Ernest Borgnine (THE WILD BUNCH) is by far the most emotionally invested of the actors. His character feels like a flesh and blood human with layers. He seems 100% involved in every scene and he nails the sometimes-wooden dialogue he is given. Ben Gazzara (KILLING OF A CHINESE BOOKIE, Jackie Treehorn in the Coen Brother’s THE BIG LEBOWSKI) on the other hand, seems completely bored. Aside from a few moments of intense reactions while driving the sub, he looks completely disinterested in the events unfolding. Yvette Mimieux (THE BLACK HOLE) also looks a little tired or confused during the film. She does get a few moments of drama over her boyfriend being one of the scientists in need. Walter Pidgeon (Fritz Lang’s MAN HUNT, FORBIDDEN PLANET) shows up in a brief role as one of the doctors at the station, while he isn’t given much too do, his presence is always enjoyable.

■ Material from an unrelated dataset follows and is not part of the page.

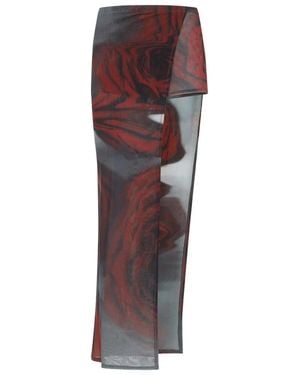 Jean Paul Gaultier Blurry Roses Asymmetric Midi Skirt - Brown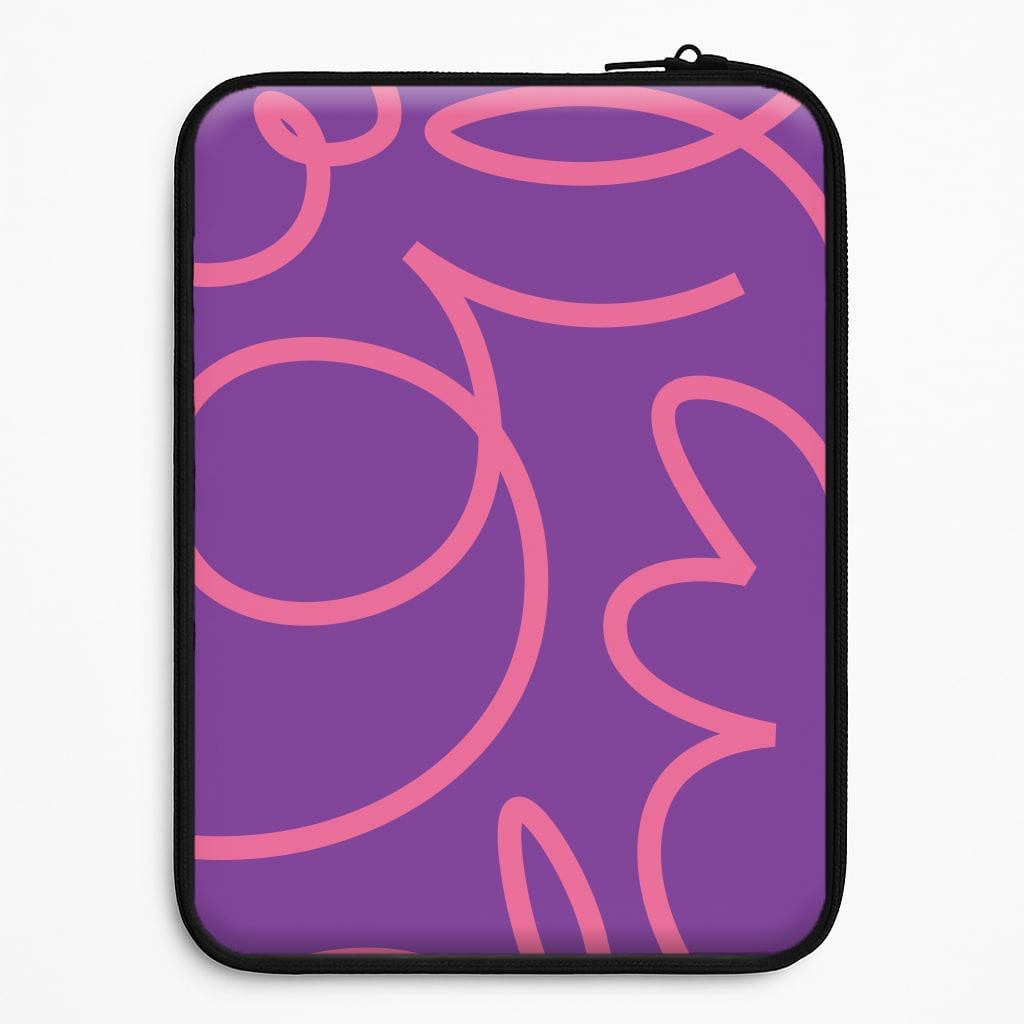 Pink Squiggles Abstract Pattern Universal Laptop Sleeve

While, the pace is slow and the actors seem bored, the actual effects and monsters are fun and silly. NEPTUNE FACTOR feels like a 70’s update of the dirt cheap but enjoyable time wasters, Terry Morse’s UNKNOWN WORLD (1951) and Jerry Warren’s INCREDIBLE PETRIFIED WORLD (1959), where teams get trapped under ground or under water and discover some cheap monsters. The fish footage, while gorgeous to look at, is laughable with no real threat for the cast. THE NEPTUNE FACTOR is a pretty by the numbers movie, but for a lazy Saturday afternoon it may be worth a laugh or two.
THE NEPTUNE FACTOR comes with an English 2.0 DTS-HD Master Audio track. The sound mix is near perfect with well-balanced sound levels between the score, sound effects, and dialogue. Nothing is too loud or peaking. There is some high in lows with the score, where it does soften during the middle section of the film, but overall no major complaints on that front. The rest of the track doesn’t have any noticeable issues like pops or hiss. Easy to read English subtitles are included.
The 1080p HD transfer is gorgeous to look. Everything in the submarine scenes is in sharp focus with a fantastic level of detail. Coffee mugs, fish tanks, and desks are full of detail and you can clearly see textures on them. The issues with the transfer do arise during the ending portion of the movie. The random cutting back and forth between the crew and the “giant” fish is muggy and slightly too soft. Also, some shots seem more brightly lit then others, so Ben Gazzara’s head gets a little too shiny, and the lab equipment looks to bright and plastic like.
The movie may be lacking, but this Kino Blu-ray isn’t. This release is packed with extra features. First up is a highly entertaining commentary with Paul Corupe of Canuxploitation.com and film historian Jason Pichonsky. The two men cover a wide range of topics from How the tax shelter period of movies came from Canada, the development of THE NEPTUNE FACTOR, and the evolution of Canadian horror and sci-fi movies, from slasher films, The Star Log tv series, and even David Croneberg’s influence. It’s a must listen. Next up is the theatrically released isolated score and sound effects track by Lalo Schifrin. The music is well mixed and pure 70’s groove. Also included is the Never-Before released score by William McCauley.
Also of interested is a mini TV making of featurette on the movie. Sadly, the image quality is shaky and seems to be sped up. Rounding out the release is an animated image gallery, two TV spots, the teaser, theatrical trailer, and trailers from ISLAND OF DR MOREAU and WAR GODS OF THE DEEP.
While the movie itself is laughable, this Kino Blu-ray is beautiful and the Commentary track is highly entertaining. So, it’s a tossup. Rental or caution recommended.
*The movie is more of a 2.5, but due to the cheese factor I bumped it up half a point.